What the Suns do need is a coach who can give them quality shots and build a reliable defense. That’s Mike Budenholzer. The Suns ranked 17th in 3-point attempts this season and last in shots in the restricted area. Those are the shots that Budenholzer built Milwaukee’s offense around, and Ayton could be molded into an ideal fit for his drop-coverage scheme. Budenholzer has never been known as a brilliant adjuster in the postseason, but he’s so good at building an overall structure that he still managed to win a championship in Milwaukee. He could do the same in Phoenix.

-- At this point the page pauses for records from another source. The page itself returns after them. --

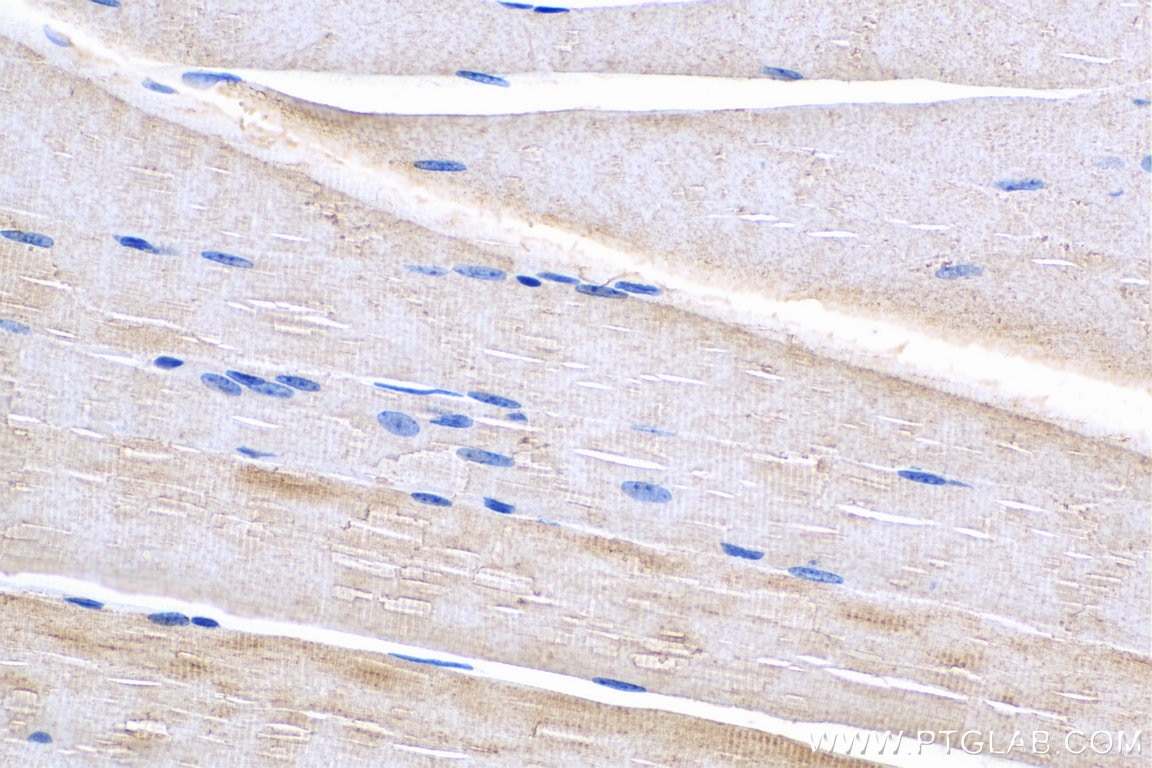 Immunohistochemistry (IHC) staining of mouse skeletal muscle tissue using PHKG1 Polyclonal antibody (16743-1-AP)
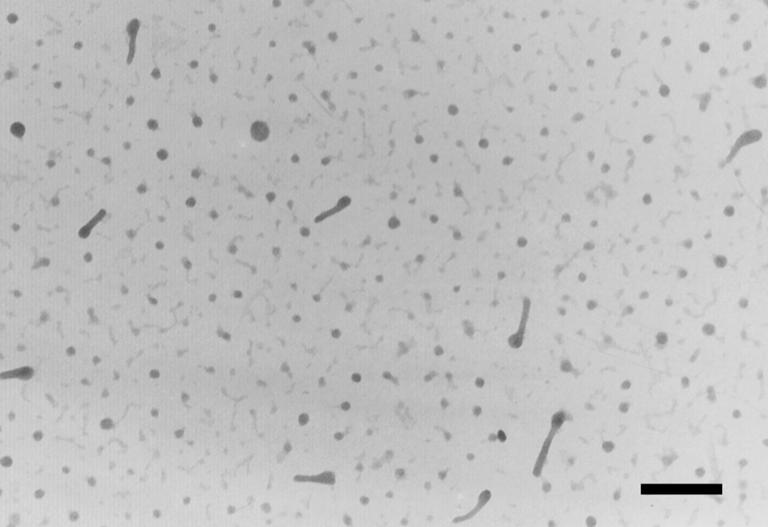 S3 TEM observation of samples with CS addition for extended incubation of 72 h, scale bar: 100 nm.
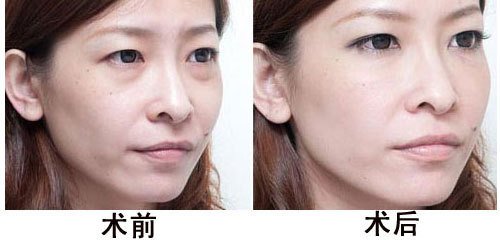 为什么要去眼袋?有哪些有*的方法?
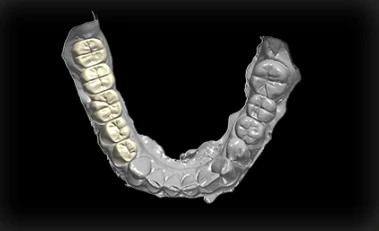 Lower arch crown and bridge made at Yes Dental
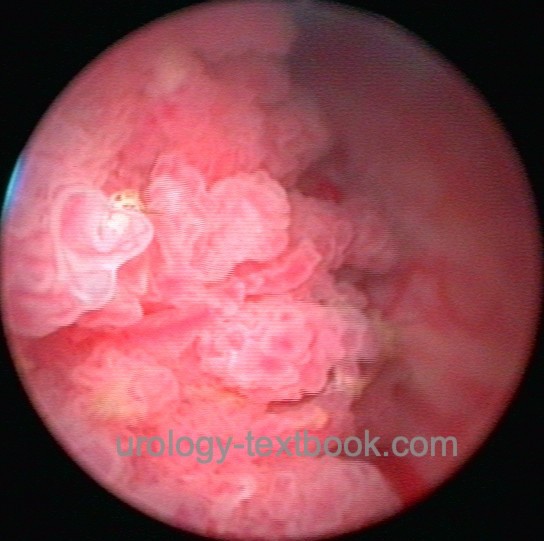 Bladder cancer as seen in cystoscopy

The last of the former championship coaches to sit in the free market, and the one who has generated the least interest in the free market to date. Vogel is a defensive genius. He finds the perfect balance between Nurse’s creativity and Budenholzer’s rigid commitment to specific schemes. He led the Pacers to multiple No. 1 defenses, winning a title on defense for the Lakers and earning them the No. 1 defensive ranking a year later despite injuries to Anthony Davis and LeBron James.
Like Nurse, Vogel has struggled on offense as a half-court coach, but again, with Booker and Durant in place, that probably doesn’t matter. The swinger here is Ayton. Vogel’s championship came with the much more talented Anthony Davis up front, but Davis and Ayton have more in common than it seems. Both were No. 1 overall choices largely preferring not to do the sorts of things that centers do. Vogel got the balance right with Davis, letting him jump shots and operate as a power forward for most of the game before forcing him to play as a true center in high impact moments. Could he make a similar compromise with Ayton?
In this story, we’ve talked about four NBA champions, a collegiate champion… and a 41-year-old assistant. Don’t underestimate Young’s place in this quest. He’s widely regarded as the architect of Phoenix’s devastating pick-and-roll attack, and if the Suns don’t hire him, someone else will offer him loads of money to make amends for their offense instead.
Contenders have become more comfortable with hiring assistants in recent years. We can thank Nurse for that, and now Darvin Ham has the Lakers eight wins away from the title in his first year in the top job. If nothing else, the Suns will interview Young to maintain their relationship with him and hopefully keep him on staff for the next coach. However, if he can take advantage of that opportunity, the Suns will have a chance to hire one of the NBA’s brightest young offensive minds from their very own building.